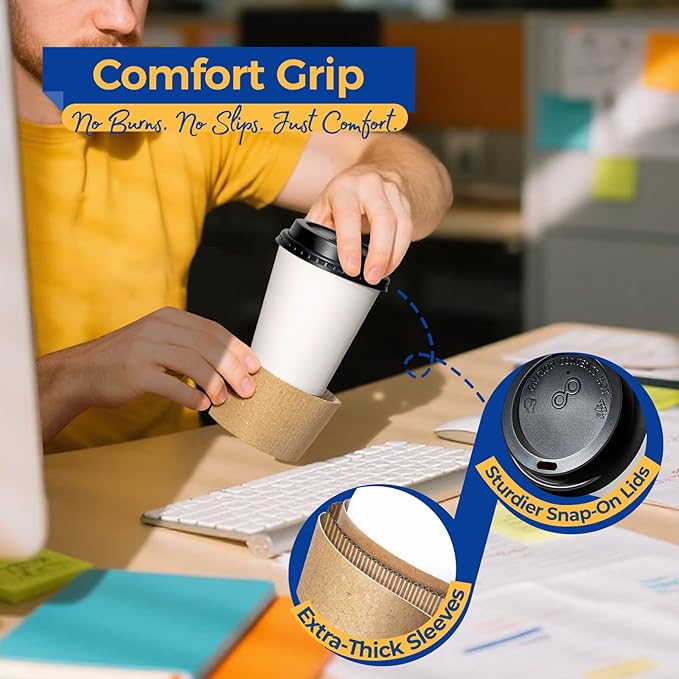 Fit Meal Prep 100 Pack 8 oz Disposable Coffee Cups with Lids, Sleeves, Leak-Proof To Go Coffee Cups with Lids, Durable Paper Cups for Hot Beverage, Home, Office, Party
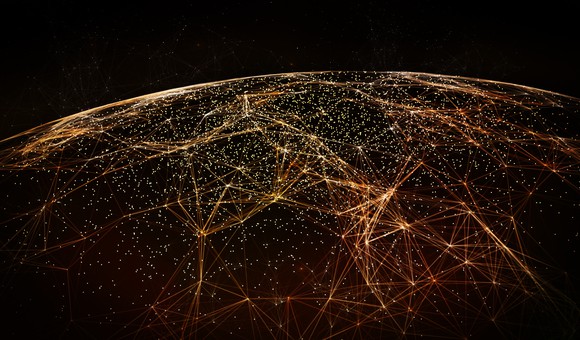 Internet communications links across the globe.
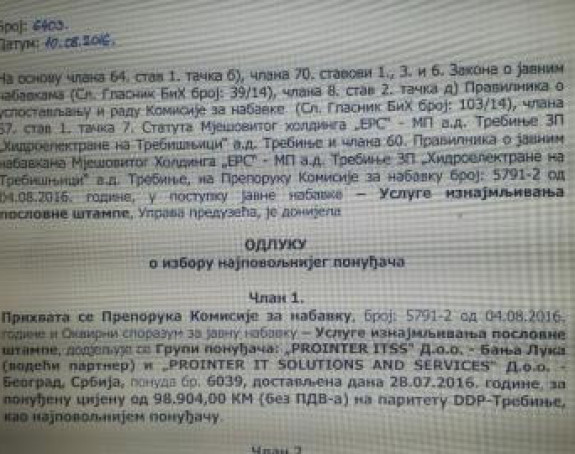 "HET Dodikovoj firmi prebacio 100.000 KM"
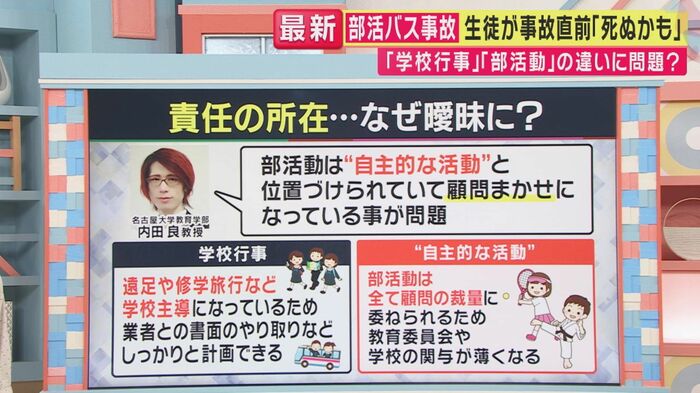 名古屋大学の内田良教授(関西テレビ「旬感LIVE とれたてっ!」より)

::::::::

**PROBLEM REQUIREMENTS**
Omit every picture while copying the listing above exactly.

**RESPONSE TO THE TASK**
 Fit Meal Prep 100 Pack 8 oz Disposable Coffee Cups with Lids, Sleeves, Leak-Proof To Go Coffee Cups with Lids, Durable Paper Cups for Hot Beverage, Home, Office, Party
 Internet communications links across the globe.
 "HET Dodikovoj firmi prebacio 100.000 KM"
 名古屋大学の内田良教授(関西テレビ「旬感LIVE とれたてっ!」より)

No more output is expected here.